▶ DIRECTIONS:
With the pictures removed, set down all of the entries below exactly.

[Collected data]
=== Begin Enclosure ===
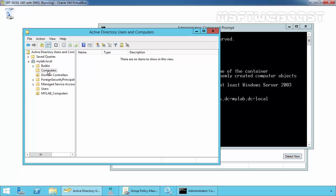Once you run redirectcmp.exe to redirect the computer container to an OU, the computer's container will no longer be a protected object. That means that the computer container can now be moved, renamed, or you can delete it. And this is the way how we can redirect computer accounts to a new container in Windows Server 2012 Active Directory.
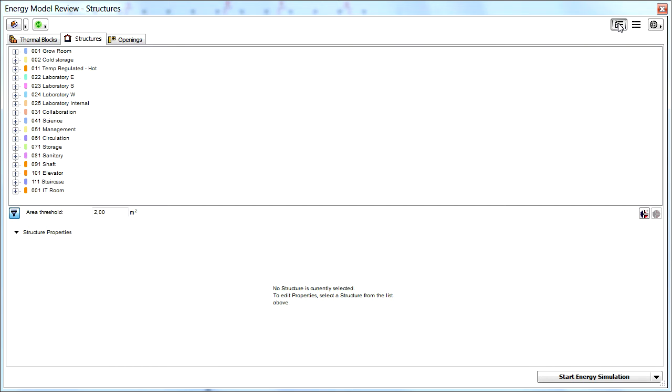This view enables designers to effortlessly browse, edit and visualize all the fields of the Energy Calculation project input data. All this input data is automatically created and derived from the ARCHICAD building information model.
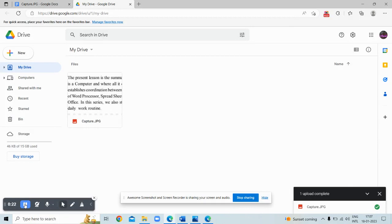I will tell you two ways: one is Google Drive and Google Docs, and the other is Word. First I will show you how to use Google Drive and Google Docs.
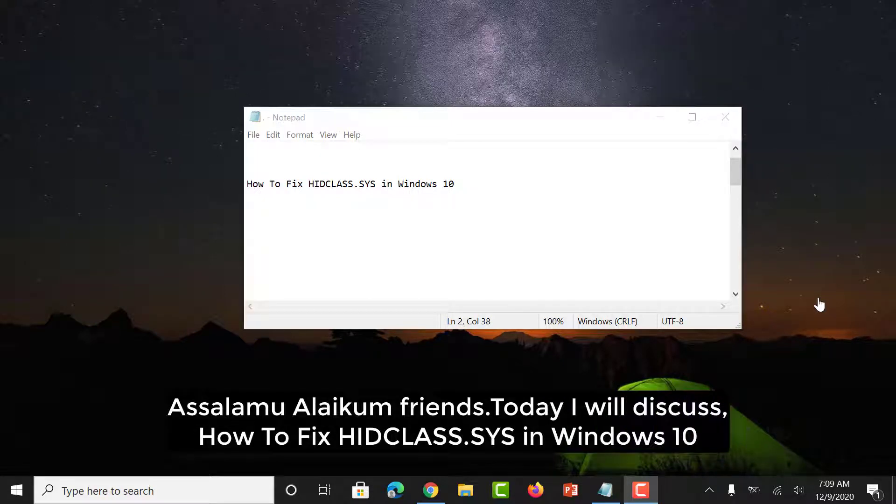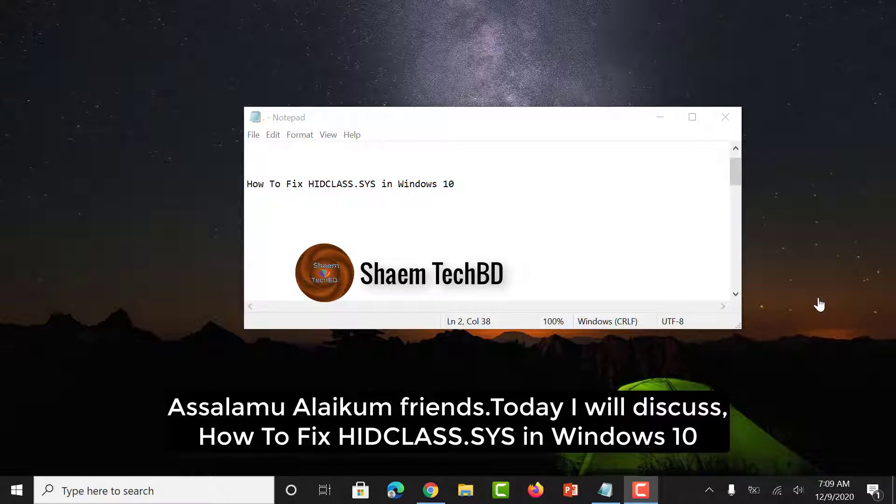Assalamualaikum friends, today I will discuss how to fix HIDCLASS.SYS in Windows 10.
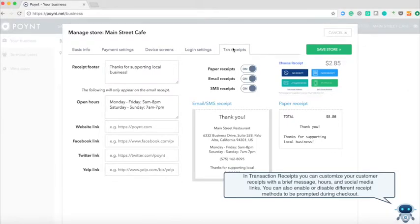In transaction receipts you can customize your customer receipts with a brief message, hours, and social media links. You can also enable or disable different receipt methods to be prompted during checkout.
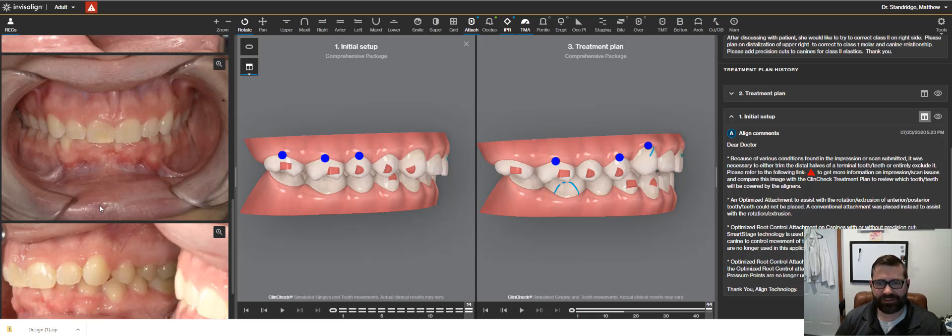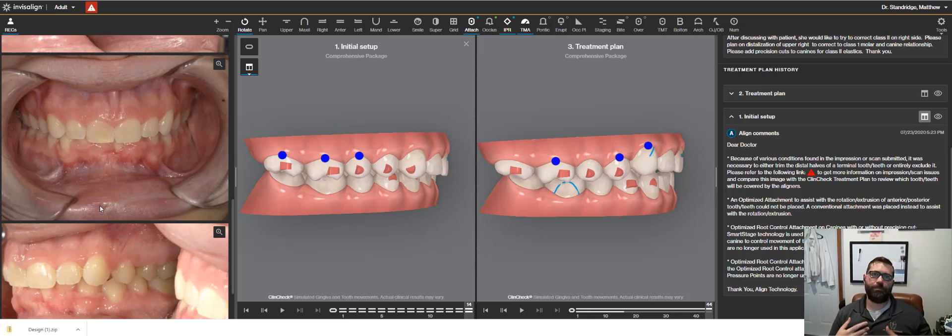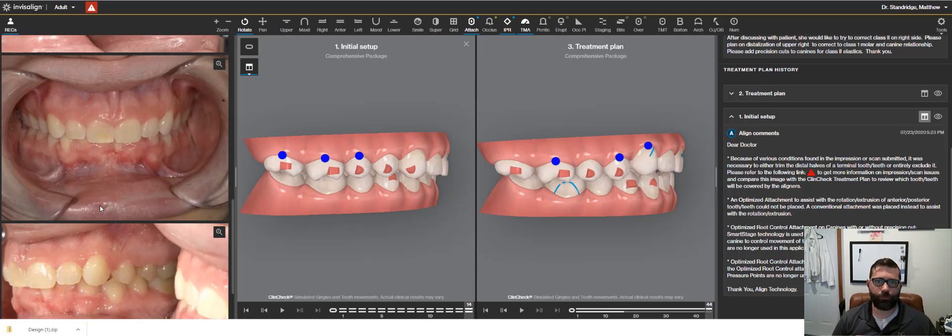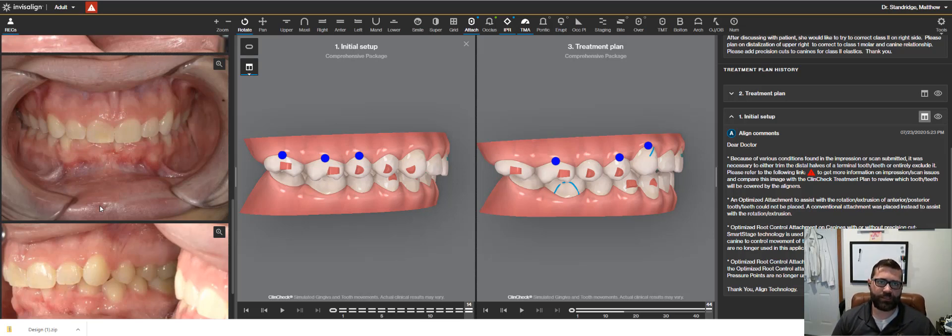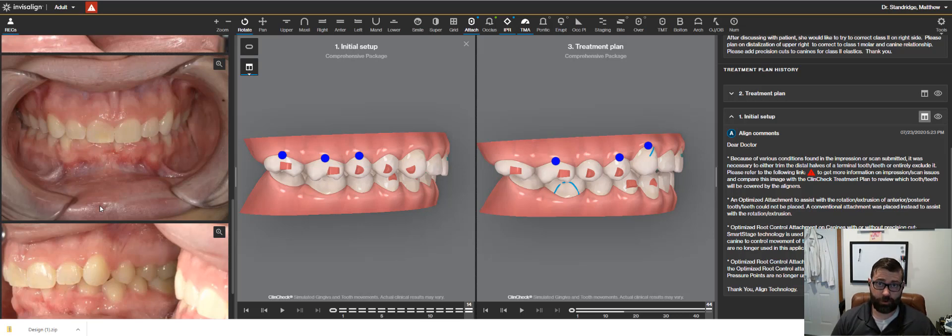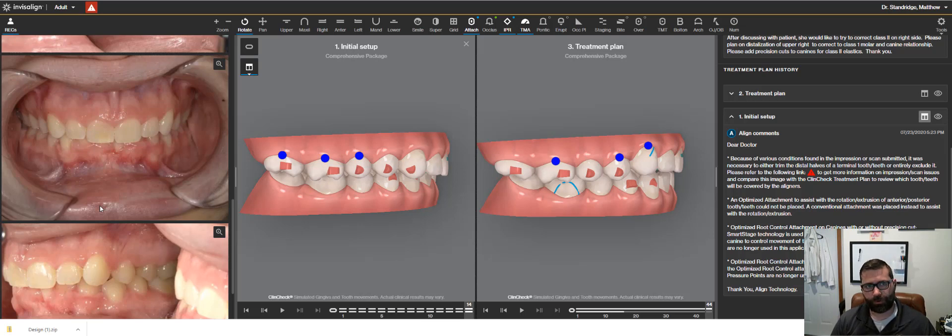Hey everyone, Matt Standridge here. I want to do a little video going through a good case here, a good Invisalign case, kind of discussing things I look for on our clinic checks and when we're doing a pre-op workup.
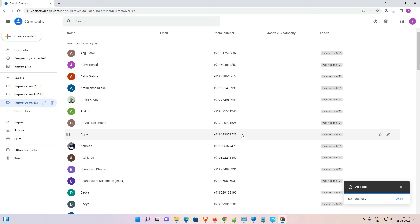Now all our contacts are imported to the new email ID. This is the simplest way to move contacts from one Google account to another. Thank you for watching — don't forget to like, share, comment, and subscribe to the channel.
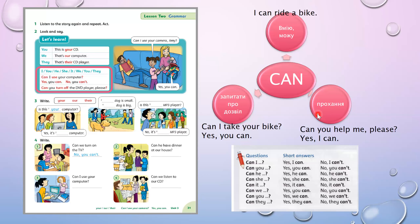And one more meaning — ще одне значення, яке передає can: це прохання, коли ми просимо про щось. 'Can you help me, please?' — зазвичай в кінці стоїть 'please', будь ласка, тому що ми просимо. 'Yes, I can.' Всі питання з can будуються однаково — can переходить на початок речення. 'Can you help me, please? Yes, I can.' Коротку відповідь даємо з can.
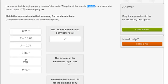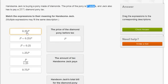Now over here, they say the amount of tax Handsome Jack pays. Well, he pays a 25% diamond pony tax. So whatever the price is, he's going to pay 25% of that. Or another way of thinking about it, he's going to pay 25%, which is the same thing as 0.25. So 0.25 times P is the amount of tax he's going to pay on this diamond pony.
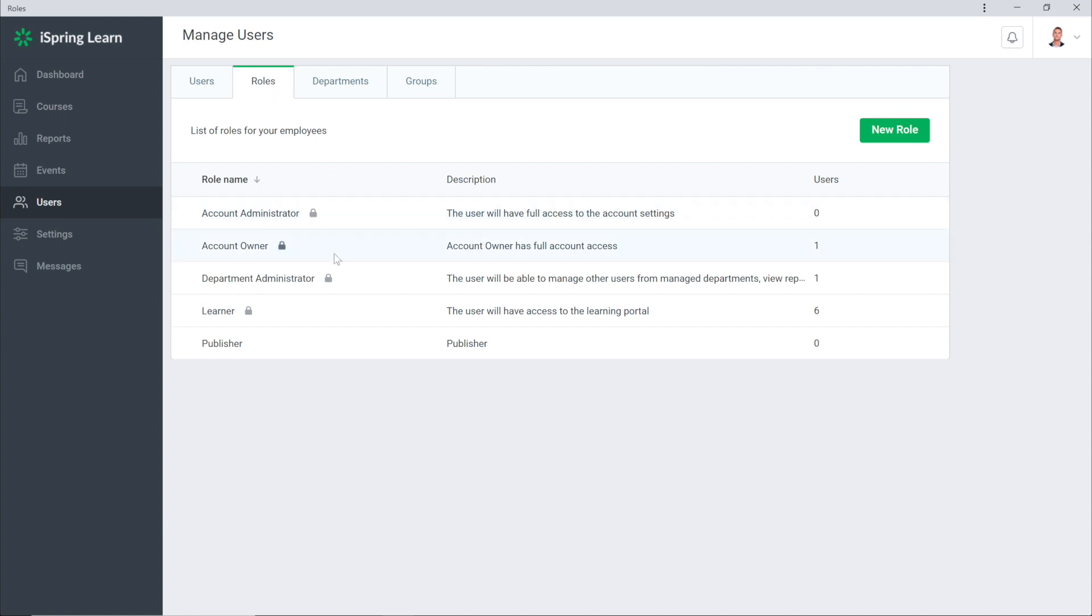Account Administrator, Account Owner, Department Administrator, Learner, and Publisher.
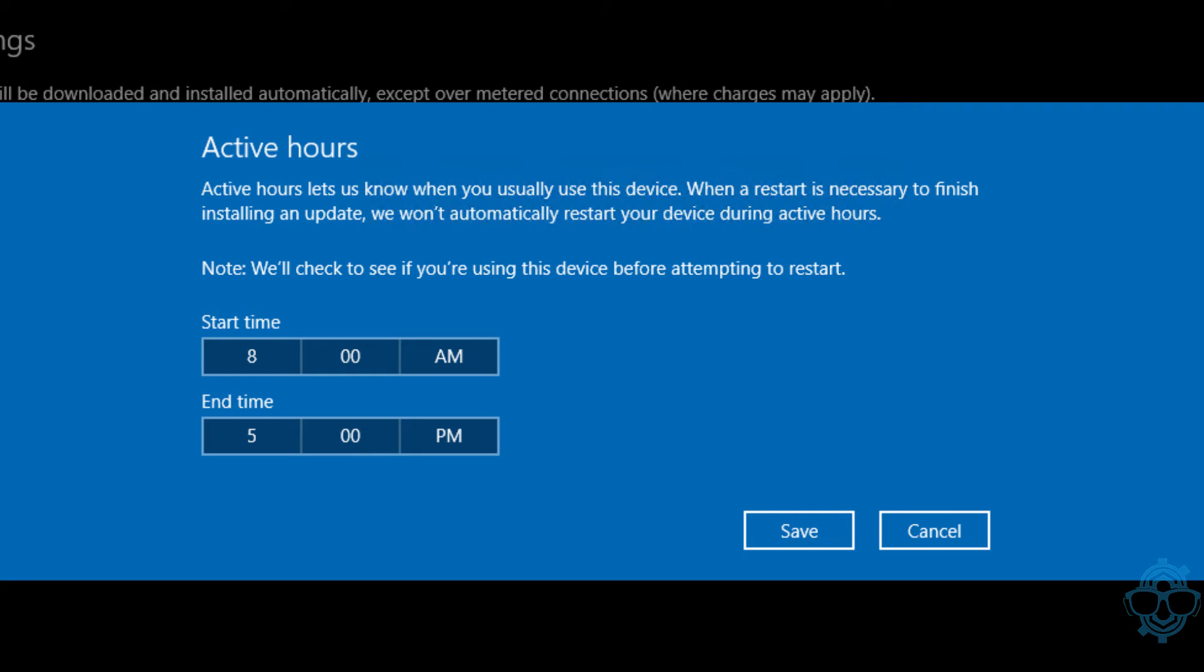Let us know when you usually use this device. So if you guys are using a device between the hours of 9 to 5, or let's say 5 to 10 PM at night, make sure that you set that up. Because if you don't set that up, this is the default: you got 8 to 5. After 5 o'clock, that means it's all game for Microsoft to push out whatever update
=== End Enclosure ===
▶ ANSWER SPACE:
Once you run redirectcmp.exe to redirect the computer container to an OU, the computer's container will no longer be a protected object. That means that the computer container can now be moved, renamed, or you can delete it. And this is the way how we can redirect computer accounts to a new container in Windows Server 2012 Active Directory.
This view enables designers to effortlessly browse, edit and visualize all the fields of the Energy Calculation project input data. All this input data is automatically created and derived from the ARCHICAD building information model.
I will tell you two ways: one is Google Drive and Google Docs, and the other is Word. First I will show you how to use Google Drive and Google Docs.
Assalamualaikum friends, today I will discuss how to fix HIDCLASS.SYS in Windows 10.
In transaction receipts you can customize your customer receipts with a brief message, hours, and social media links. You can also enable or disable different receipt methods to be prompted during checkout.
Hey everyone, Matt Standridge here. I want to do a little video going through a good case here, a good Invisalign case, kind of discussing things I look for on our clinic checks and when we're doing a pre-op workup.
Now all our contacts are imported to the new email ID. This is the simplest way to move contacts from one Google account to another. Thank you for watching — don't forget to like, share, comment, and subscribe to the channel.
And one more meaning — ще одне значення, яке передає can: це прохання, коли ми просимо про щось. 'Can you help me, please?' — зазвичай в кінці стоїть 'please', будь ласка, тому що ми просимо. 'Yes, I can.' Всі питання з can будуються однаково — can переходить на початок речення. 'Can you help me, please? Yes, I can.' Коротку відповідь даємо з can.
Now over here, they say the amount of tax Handsome Jack pays. Well, he pays a 25% diamond pony tax. So whatever the price is, he's going to pay 25% of that. Or another way of thinking about it, he's going to pay 25%, which is the same thing as 0.25. So 0.25 times P is the amount of tax he's going to pay on this diamond pony.
Account Administrator, Account Owner, Department Administrator, Learner, and Publisher.
Let us know when you usually use this device. So if you guys are using a device between the hours of 9 to 5, or let's say 5 to 10 PM at night, make sure that you set that up. Because if you don't set that up, this is the default: you got 8 to 5. After 5 o'clock, that means it's all game for Microsoft to push out whatever update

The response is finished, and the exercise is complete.